Canopy Growth Corporation, one of the largest cannabis companies both in Canada and around the world, announced efforts to cut operations costs, including a “reduced headcount” and reduction of the number of “dedicated team members”.

Framing them as “Strategic adjustments” in a company press release, Canopy says the changes are “expected to generate savings of $100 – $150 million within 12 – 18 months.”

“As a result of these challenging but necessary changes to the organizational structure, dedicated team members will be impacted as the Company operates with a reduced headcount moving forward. The Canopy Management team wishes to acknowledge the efforts of these individuals during their tenure and thank them for their contributions to the Company,” notes a company press release.

“To realize profitability and power growth, we are taking critical actions to further evolve Canopy Growth into an agile organization with a clear focus on the areas where we have the greatest potential of success,” said David  Klein, Canopy Growth Chief Executive Officer. “These necessary changes are being implemented to ensure the size and scale of our operations reflect current market realities and will support the long-term sustainability of our company.” 
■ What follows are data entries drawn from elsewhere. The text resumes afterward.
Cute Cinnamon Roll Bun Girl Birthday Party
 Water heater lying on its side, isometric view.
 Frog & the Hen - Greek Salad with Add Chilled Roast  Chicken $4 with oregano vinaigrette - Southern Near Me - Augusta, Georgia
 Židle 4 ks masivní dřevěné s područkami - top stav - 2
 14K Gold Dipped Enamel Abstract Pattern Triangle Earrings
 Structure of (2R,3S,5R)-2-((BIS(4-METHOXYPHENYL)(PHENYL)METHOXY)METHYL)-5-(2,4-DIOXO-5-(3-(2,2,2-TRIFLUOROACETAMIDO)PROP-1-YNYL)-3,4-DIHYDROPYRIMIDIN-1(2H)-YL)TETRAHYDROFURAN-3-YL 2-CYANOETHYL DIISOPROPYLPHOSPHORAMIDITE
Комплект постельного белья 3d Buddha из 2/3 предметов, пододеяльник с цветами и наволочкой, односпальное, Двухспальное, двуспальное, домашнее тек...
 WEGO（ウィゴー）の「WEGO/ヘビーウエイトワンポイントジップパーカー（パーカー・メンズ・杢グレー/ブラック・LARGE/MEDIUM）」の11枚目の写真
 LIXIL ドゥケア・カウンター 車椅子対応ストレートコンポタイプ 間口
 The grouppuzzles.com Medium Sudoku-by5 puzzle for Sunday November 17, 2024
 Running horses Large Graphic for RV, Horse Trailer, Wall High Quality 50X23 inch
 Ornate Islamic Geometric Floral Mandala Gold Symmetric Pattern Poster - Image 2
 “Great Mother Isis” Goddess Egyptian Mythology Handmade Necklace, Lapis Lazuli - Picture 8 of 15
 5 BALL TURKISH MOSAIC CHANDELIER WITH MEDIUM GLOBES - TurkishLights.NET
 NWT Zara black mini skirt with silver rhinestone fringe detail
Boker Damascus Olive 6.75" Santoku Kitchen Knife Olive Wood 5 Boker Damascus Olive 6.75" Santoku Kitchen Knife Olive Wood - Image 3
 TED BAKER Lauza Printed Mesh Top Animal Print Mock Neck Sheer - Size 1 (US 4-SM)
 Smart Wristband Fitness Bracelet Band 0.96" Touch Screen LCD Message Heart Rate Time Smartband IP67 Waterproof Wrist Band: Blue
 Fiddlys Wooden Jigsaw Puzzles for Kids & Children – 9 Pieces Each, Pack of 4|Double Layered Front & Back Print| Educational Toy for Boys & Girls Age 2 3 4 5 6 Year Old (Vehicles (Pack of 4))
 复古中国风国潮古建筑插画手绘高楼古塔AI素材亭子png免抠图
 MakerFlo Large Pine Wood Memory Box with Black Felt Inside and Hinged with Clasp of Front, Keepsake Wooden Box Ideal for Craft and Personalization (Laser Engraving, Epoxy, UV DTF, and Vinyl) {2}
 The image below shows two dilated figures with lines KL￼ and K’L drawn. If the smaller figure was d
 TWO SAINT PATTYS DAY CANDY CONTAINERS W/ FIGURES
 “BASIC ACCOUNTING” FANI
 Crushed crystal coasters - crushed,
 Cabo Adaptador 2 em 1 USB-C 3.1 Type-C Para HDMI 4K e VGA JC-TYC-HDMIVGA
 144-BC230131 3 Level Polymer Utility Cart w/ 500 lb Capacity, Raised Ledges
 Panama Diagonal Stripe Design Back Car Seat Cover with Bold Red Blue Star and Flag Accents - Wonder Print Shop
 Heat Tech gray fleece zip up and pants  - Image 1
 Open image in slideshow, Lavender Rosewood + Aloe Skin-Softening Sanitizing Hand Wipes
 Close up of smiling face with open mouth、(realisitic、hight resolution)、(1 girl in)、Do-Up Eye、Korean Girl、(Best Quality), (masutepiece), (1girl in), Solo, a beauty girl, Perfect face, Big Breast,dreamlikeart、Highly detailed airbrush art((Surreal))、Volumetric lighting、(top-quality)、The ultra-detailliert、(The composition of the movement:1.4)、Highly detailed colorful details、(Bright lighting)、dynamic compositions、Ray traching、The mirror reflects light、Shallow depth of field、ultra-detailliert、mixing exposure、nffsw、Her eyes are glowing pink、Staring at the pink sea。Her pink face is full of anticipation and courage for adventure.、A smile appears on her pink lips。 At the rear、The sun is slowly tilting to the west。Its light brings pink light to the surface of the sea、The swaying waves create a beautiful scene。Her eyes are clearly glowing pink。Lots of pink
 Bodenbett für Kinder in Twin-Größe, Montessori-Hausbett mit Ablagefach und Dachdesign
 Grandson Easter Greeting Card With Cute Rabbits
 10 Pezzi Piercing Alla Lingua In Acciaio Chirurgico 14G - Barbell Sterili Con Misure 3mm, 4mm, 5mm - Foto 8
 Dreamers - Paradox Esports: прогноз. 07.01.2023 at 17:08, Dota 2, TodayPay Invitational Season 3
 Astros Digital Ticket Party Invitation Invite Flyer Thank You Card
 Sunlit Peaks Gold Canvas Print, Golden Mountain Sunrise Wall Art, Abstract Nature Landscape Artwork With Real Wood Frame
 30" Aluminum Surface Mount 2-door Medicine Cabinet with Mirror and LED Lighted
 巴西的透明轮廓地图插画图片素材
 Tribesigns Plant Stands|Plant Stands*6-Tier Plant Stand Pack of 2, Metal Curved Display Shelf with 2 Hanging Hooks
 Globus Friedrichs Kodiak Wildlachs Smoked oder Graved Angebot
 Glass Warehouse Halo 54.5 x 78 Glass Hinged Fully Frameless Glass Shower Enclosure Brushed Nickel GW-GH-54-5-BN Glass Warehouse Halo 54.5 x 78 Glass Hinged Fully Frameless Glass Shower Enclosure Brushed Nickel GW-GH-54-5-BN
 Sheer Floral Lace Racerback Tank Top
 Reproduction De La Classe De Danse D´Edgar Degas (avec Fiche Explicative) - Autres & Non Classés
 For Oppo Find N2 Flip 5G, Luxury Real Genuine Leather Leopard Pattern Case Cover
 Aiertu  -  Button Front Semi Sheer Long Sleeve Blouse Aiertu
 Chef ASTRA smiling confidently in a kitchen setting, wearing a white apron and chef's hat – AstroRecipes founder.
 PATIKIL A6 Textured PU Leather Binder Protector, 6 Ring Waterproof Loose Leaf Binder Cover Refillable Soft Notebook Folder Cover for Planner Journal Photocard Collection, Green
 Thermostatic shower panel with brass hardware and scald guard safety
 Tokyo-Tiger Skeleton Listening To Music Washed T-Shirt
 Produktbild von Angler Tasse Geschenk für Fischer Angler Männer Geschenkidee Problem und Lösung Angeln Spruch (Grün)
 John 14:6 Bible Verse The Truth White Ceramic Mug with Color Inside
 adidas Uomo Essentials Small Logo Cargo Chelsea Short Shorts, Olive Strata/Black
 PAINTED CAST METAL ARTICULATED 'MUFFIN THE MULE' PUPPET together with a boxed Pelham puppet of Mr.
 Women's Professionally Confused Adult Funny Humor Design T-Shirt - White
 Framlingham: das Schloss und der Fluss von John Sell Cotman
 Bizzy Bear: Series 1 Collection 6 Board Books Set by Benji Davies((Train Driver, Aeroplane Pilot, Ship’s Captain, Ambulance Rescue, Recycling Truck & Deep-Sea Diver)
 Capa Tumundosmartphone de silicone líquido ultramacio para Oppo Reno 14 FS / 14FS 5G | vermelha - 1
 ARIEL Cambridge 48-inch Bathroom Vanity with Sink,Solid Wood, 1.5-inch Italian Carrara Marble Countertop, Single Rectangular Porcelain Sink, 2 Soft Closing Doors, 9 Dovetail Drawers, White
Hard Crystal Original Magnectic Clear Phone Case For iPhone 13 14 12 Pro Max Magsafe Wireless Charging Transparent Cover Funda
The company laid off several hundred in late 2020 and another 75 staff members in early 2021 following facility closures and other belt-tightening measures and “restructuring” efforts. Canopy was also dropped from the S&P/TSX 60 Index this past March and reported quarterly losses in February.

The company was left with a net loss of $115.5 million in its latest quarter compared with a net loss of $829.3 million a year earlier. Its net revenue also fell 8%.